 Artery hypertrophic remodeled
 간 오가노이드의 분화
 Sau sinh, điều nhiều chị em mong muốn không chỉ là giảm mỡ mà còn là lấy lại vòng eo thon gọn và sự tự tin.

· · ·

[Work to be completed]
Could the entire listing be reproduced without any alteration?

[Reply]
 Artery hypertrophic remodeled
 간 오가노이드의 분화
 Sau sinh, điều nhiều chị em mong muốn không chỉ là giảm mỡ mà còn là lấy lại vòng eo thon gọn và sự tự tin.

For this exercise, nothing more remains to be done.